I agree, a fernco used like that is wrong. But just like the first plumber 5 years ago, it's under the house, who's going to see it? lol


----------



## super plumber (Oct 19, 2008)

i'm not a fan of ferncos either. i would have cut off hub and used no-hub coupling...just my 2 cents worth


----------



## pauliplumber (Feb 9, 2009)

Roast Duck said:


> I would of taken it even a step further than that, and that would be to cut the hub off that wye and mission coupling a 2" street 45 and run towards the 90.
> 
> You can do that on that 2" by 3" wye but you have to use a diamond blade angle grinder to cut immediately behind the hub, then clean the casting marks off smooth so a mission no hub seals.

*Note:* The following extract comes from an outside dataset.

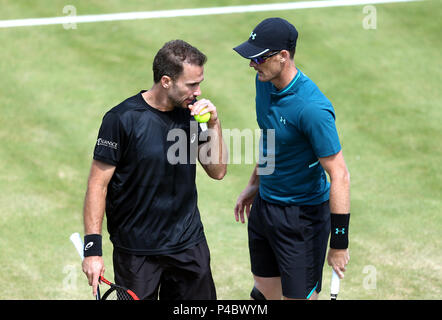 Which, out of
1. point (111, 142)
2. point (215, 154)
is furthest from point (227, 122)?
point (111, 142)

If in doubt, contact cement the both the inside of the mission coupling AND the area to connect to the cast; it won't leak.
> 
> ...


 I was at the supply the other day and another plumber said he uses titanium sawzall blades to cut cast iron. Anyone else try this?


----------



## Plumber Jim (Jun 19, 2008)

I have used them a couple times and it worked pretty good. the blade is junk when you are finished but it worked. I use my soil pipe cutters when i can though.


Plumber Jim


----------



## ILPlumber (Jun 17, 2008)

Hand-held bandsaw is sweet for cutting cast. Just like butta:thumbup:


----------